[PROVIDED DATA]:
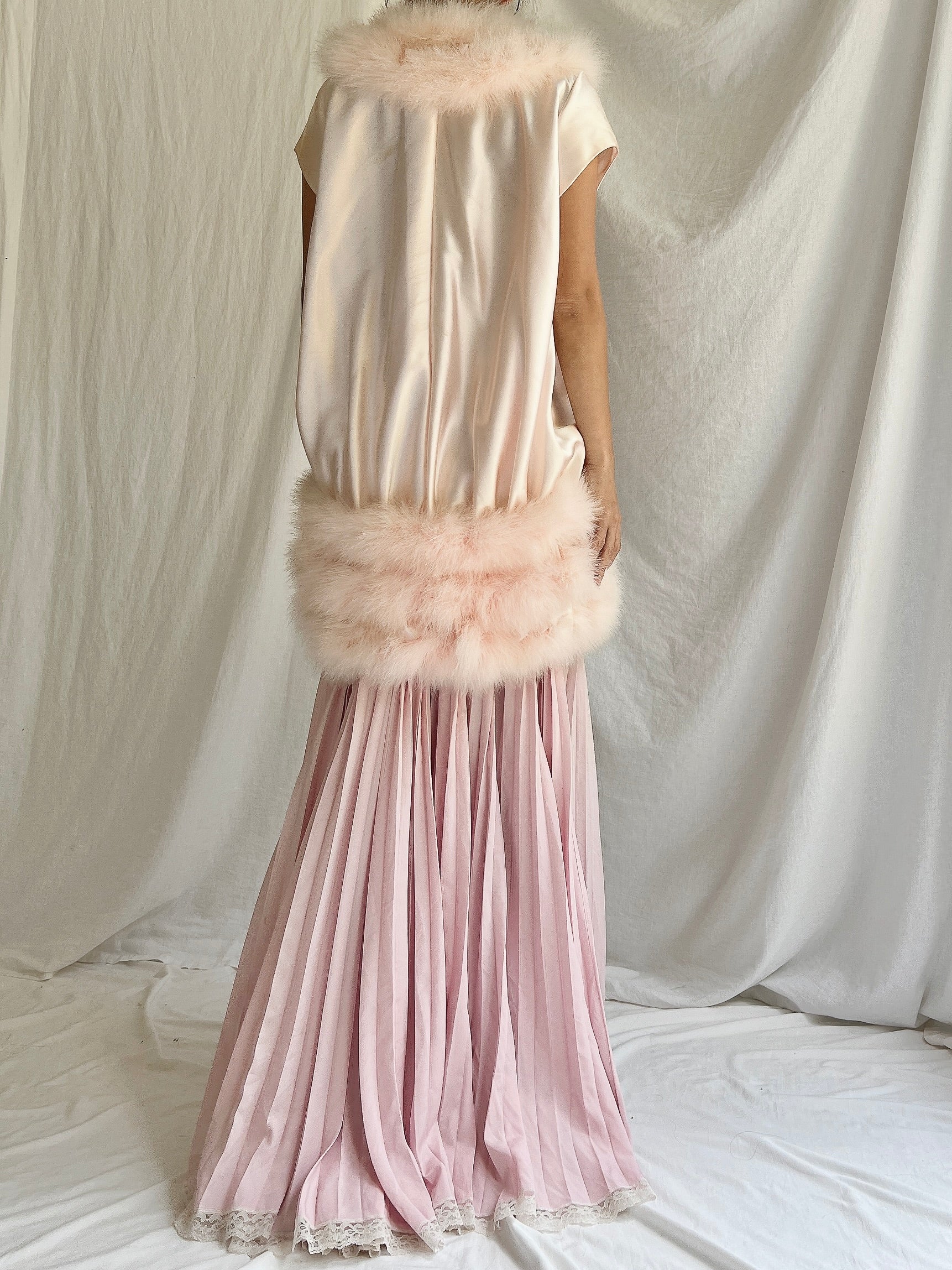 Rare Lucie Ann Pink Feather Duster - OSFM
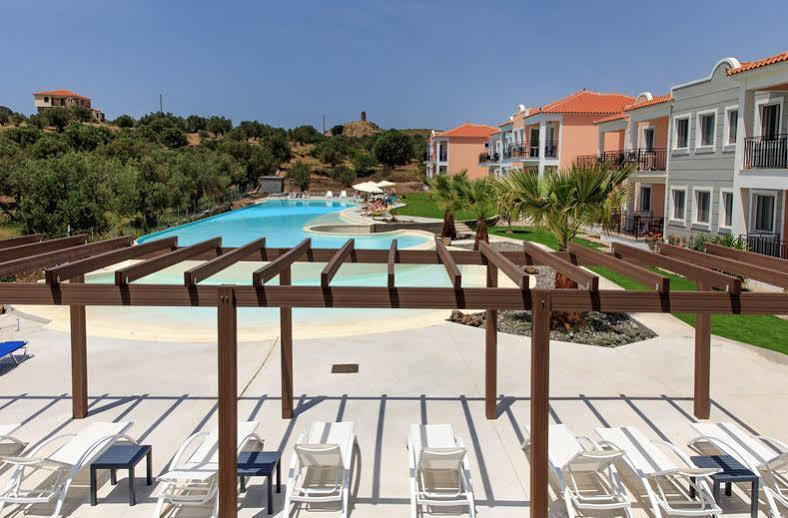 Eriphilly & Aparthotel 3*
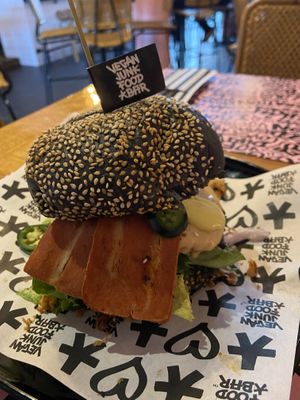 Royal smash burger: a bit too salty at Vegan Junk Food Bar  - Rotterdam in Rotterdam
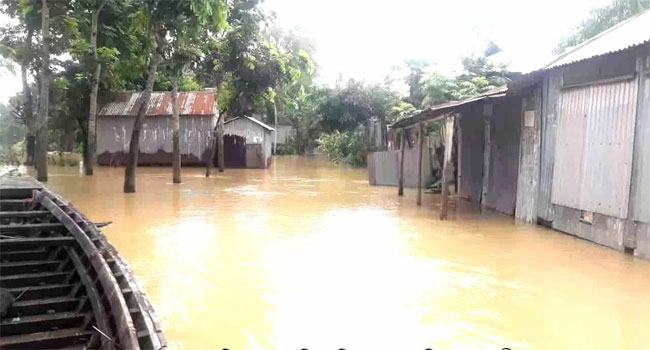 রৌমারীতে দ্বিতীয় দফায় বন্যা, শত শত মানুষ পানিবন্দী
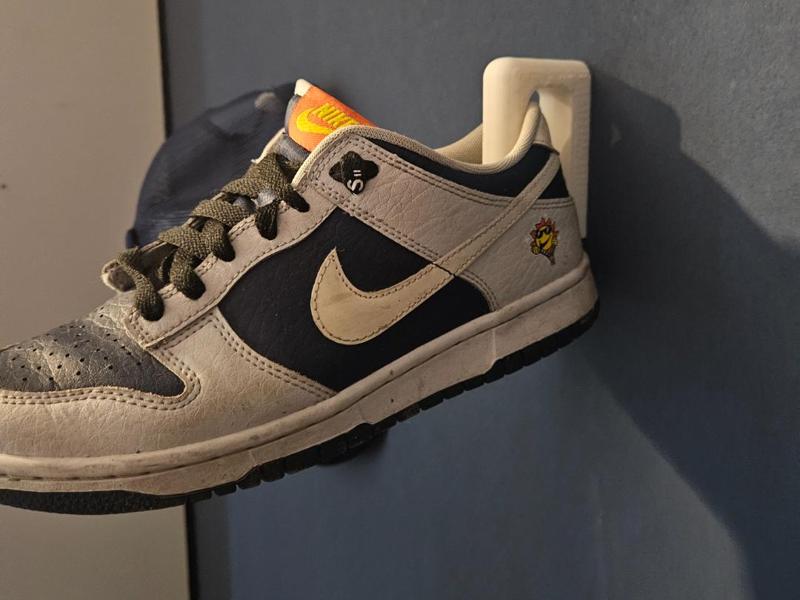Wall-Mounted Sneaker Display Hook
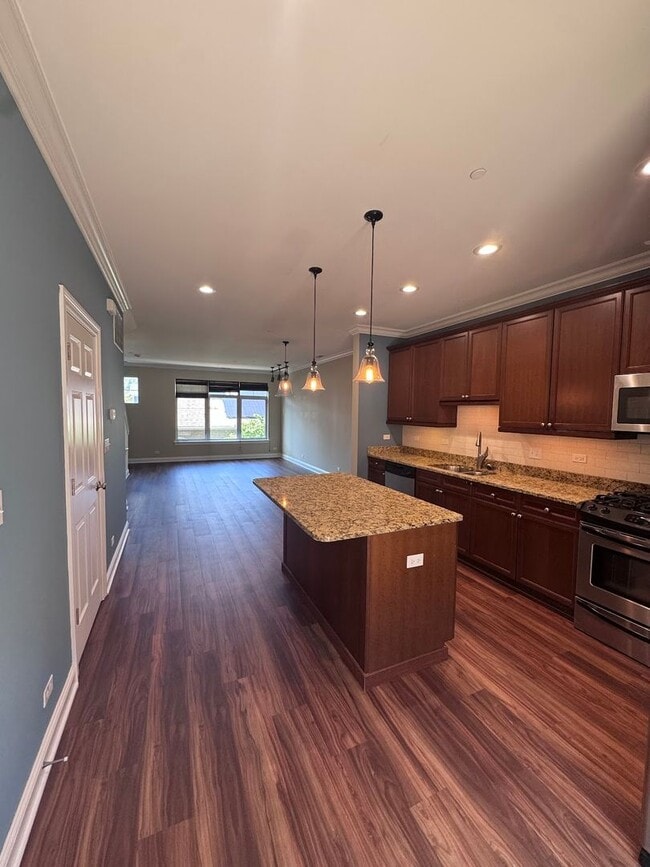 Building Photo - 2 Bed 2.5 Bath In Oak Park Available!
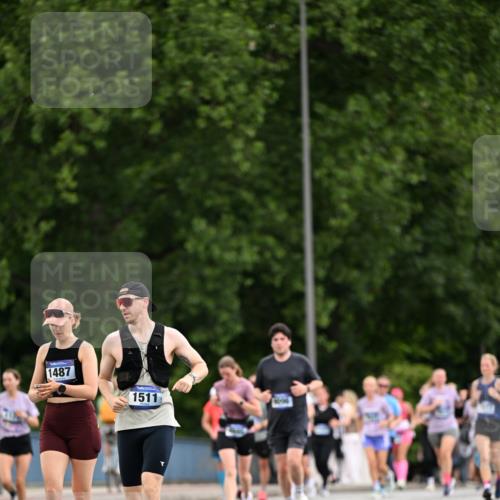 29.06.2025 - hella hamburg halbmarathon Dr. Thomas Lammeyer http://msf.ph/oto/8435579 29.06.2025 10:54:50 Kennedybrücke 1259, 1478, 1487, 1511, 1625, 2047, 3680, 4642, 4695, 4870, 5119, 5552, 6015, 7133, 7161, 7677, 7721, 7722, 8299, 8833, 9096, 10033 meine-sportfotos.de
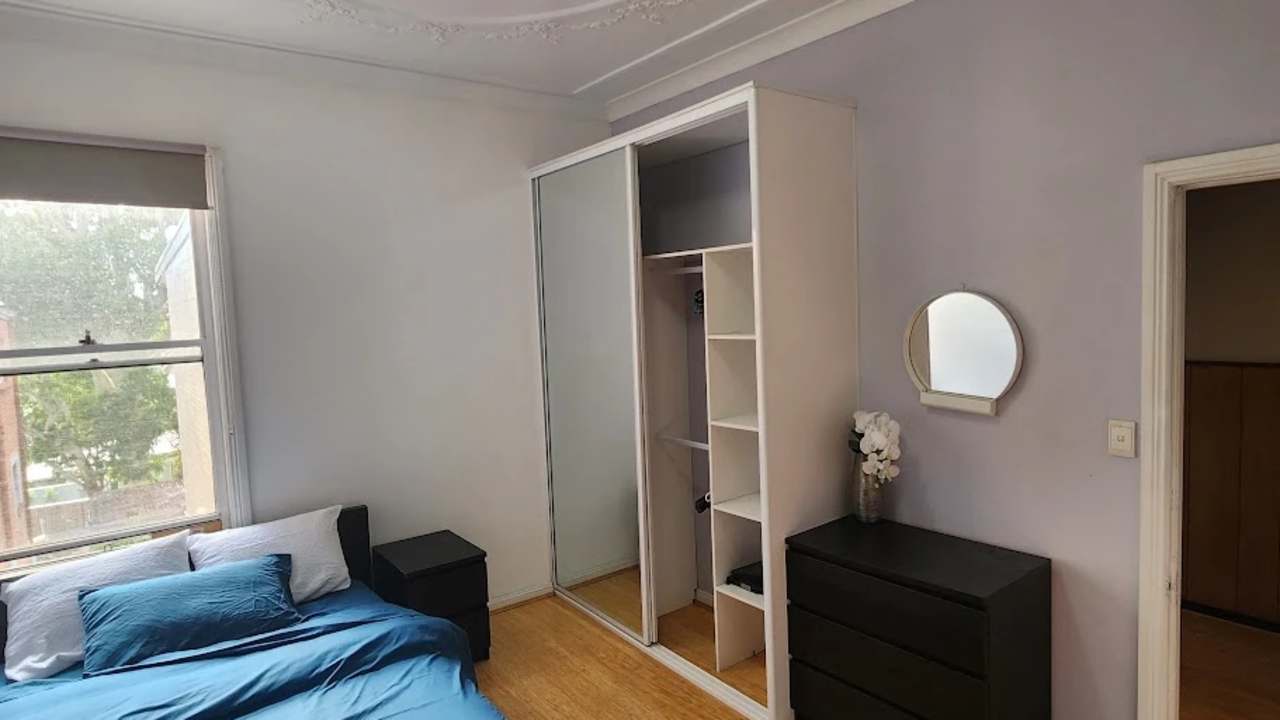 Furnished room in a flatshare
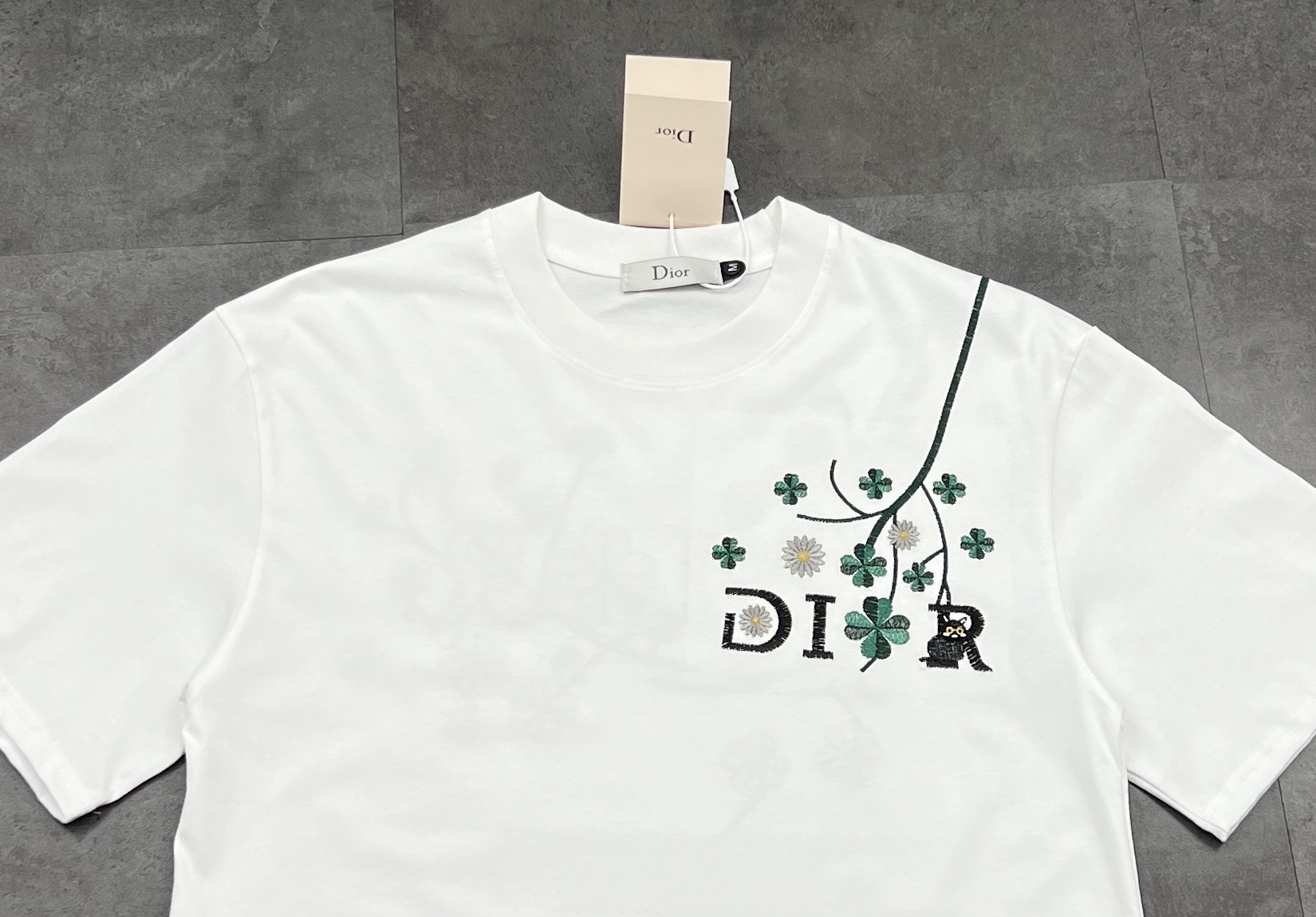 Dior コピー Tシャツ ディオール コピー 四葉草刺繍 ディオールロゴ レディース メンズ ホワイト - 画像 4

[TASK TO COMPLETE]: The listing is to be reproduced in full and exactly, except that its pictures are to be dropped.

[RESULT OF THE TASK]:
 Rare Lucie Ann Pink Feather Duster - OSFM
 Eriphilly & Aparthotel 3*
 Royal smash burger: a bit too salty at Vegan Junk Food Bar  - Rotterdam in Rotterdam
 রৌমারীতে দ্বিতীয় দফায় বন্যা, শত শত মানুষ পানিবন্দী
Wall-Mounted Sneaker Display Hook
 Building Photo - 2 Bed 2.5 Bath In Oak Park Available!
 29.06.2025 - hella hamburg halbmarathon Dr. Thomas Lammeyer http://msf.ph/oto/8435579 29.06.2025 10:54:50 Kennedybrücke 1259, 1478, 1487, 1511, 1625, 2047, 3680, 4642, 4695, 4870, 5119, 5552, 6015, 7133, 7161, 7677, 7721, 7722, 8299, 8833, 9096, 10033 meine-sportfotos.de
 Furnished room in a flatshare
 Dior コピー Tシャツ ディオール コピー 四葉草刺繍 ディオールロゴ レディース メンズ ホワイト - 画像 4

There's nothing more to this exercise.